The above created a default den.
If no prior configuration is done, this will be a user-local model cache.

However, there's a set of environmental variables that can be set in order to curate the default den:
| Environmental variable name    | Values | Description | Comments |
| ------------------------------ | ------ | ----------- | -------- |
| MEDCAT_DEN_TYPE                | `LOCAL_USER`, `LOCAL_MACHINE`, `MEDCATTERY` | The type of den to use | Currently, only local dens have been implemented, but remote (e.g MedCATtery or even cloud) options can be implemented. |
| MEDCAT_DEN_PATH                | str    | The save path (for local backends) | This is normally automatically specified based on OS and whether it's user or machine local.

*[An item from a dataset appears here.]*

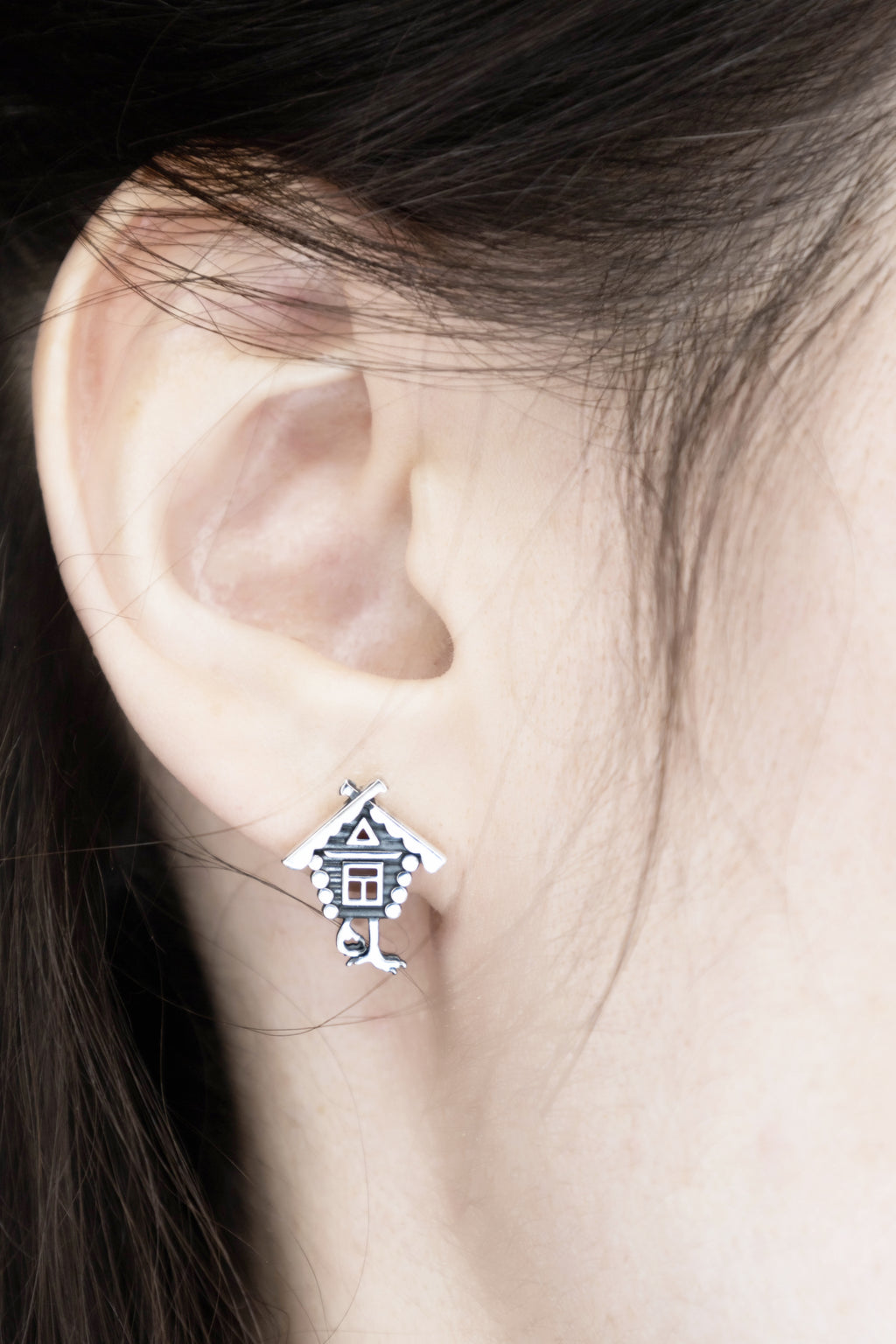 Fairy tale silver stud earrings worn on ear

But can be overwritten here as well. |
| MEDCAT_DEN_REMOTE_HOST         | str    | The host path to the remote (e.g MedCATtery) | This is currently not yet implemented |
| MEDCAT_DEN_LOCAL_CACHE_PATH            | str | The local cache path (if required). | This allows caching of models from remote dens |
| MEDCAT_DEN_LOCAL_CACHE_EXPIRATION_TIME | int | The expiration time for local cache (in seconds) | The default is 10 days |
| MEDCAT_DEN_LOCAL_CACHE_MAX_SIZE        | int | The maximum size of the cache in bytes | The default is 100 GB |
| MEDCAT_DEN_LOCAL_CACHE_EVICTION_POLICY | str | The eviction policy for the local cache | The default is LRU |
| MEDCAT_DEN_REMOTE_ALLOW_PUSH_FINETUNED | bool | Whether to allow locally fine tuned model to be pushed to remote dens | Defaults to False |
| MEDCAT_DEN_REMOTE_ALLOW_LOCAL_FINE_TUNE | bool | Whether to allow local fine tuning for remote dens | Defaults to False |
| MEDCAT_DEN_BACKENDS_JSON       | str | Path to a JSON file configuring multiple backends | If set, this overrides all other `MEDCAT_DEN_*` settings for the default den configuration, and enables multi-backend mode. |

When creating a den, the resolver will use the explicitly passed values first, and if none are provided, it will default to the ones defined in the environmental variables.